> [Exercise objective]:
Could you restate word for word every line from the one containing "年内にコスプレ衣装の断捨離が終わるか微妙になってきました(捨てられない族)" to the end of the records, and nothing else?
== Information given ==
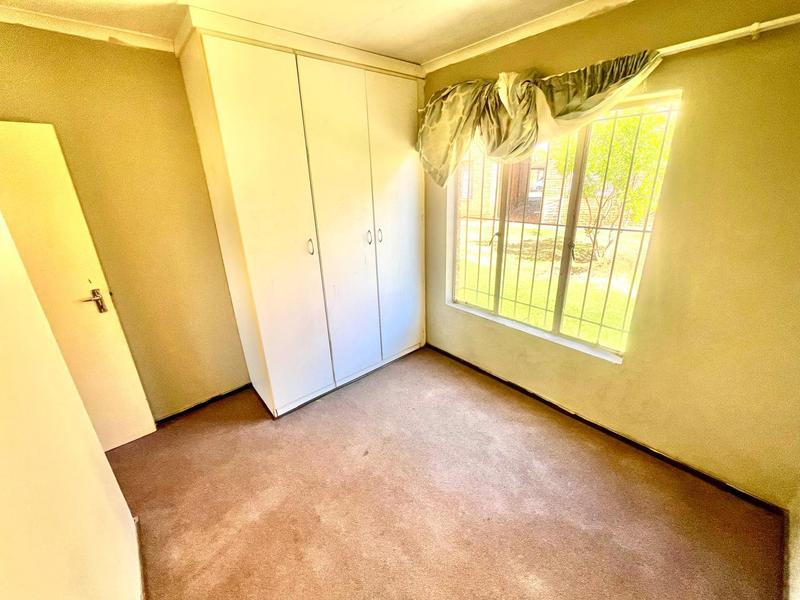 2 Bedroom Property for Sale in Greenhills Gauteng
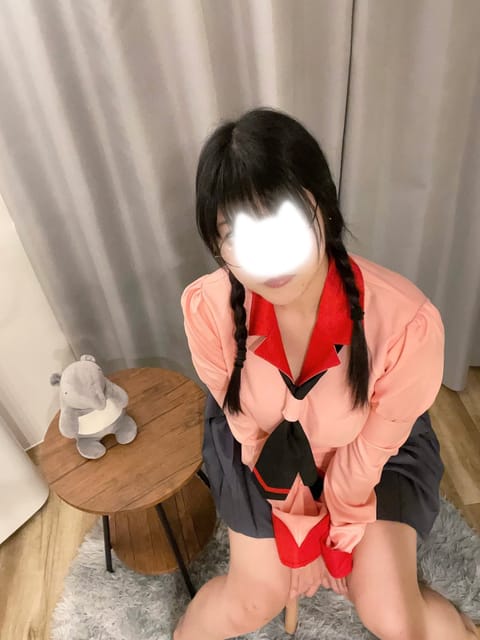 こんにちは☺︎

年内にコスプレ衣装の断捨離が終わるか微妙になってきました(捨てられない族)

今週の出勤は
20日(土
===
> [Reply]:
年内にコスプレ衣装の断捨離が終わるか微妙になってきました(捨てられない族)

今週の出勤は
20日(土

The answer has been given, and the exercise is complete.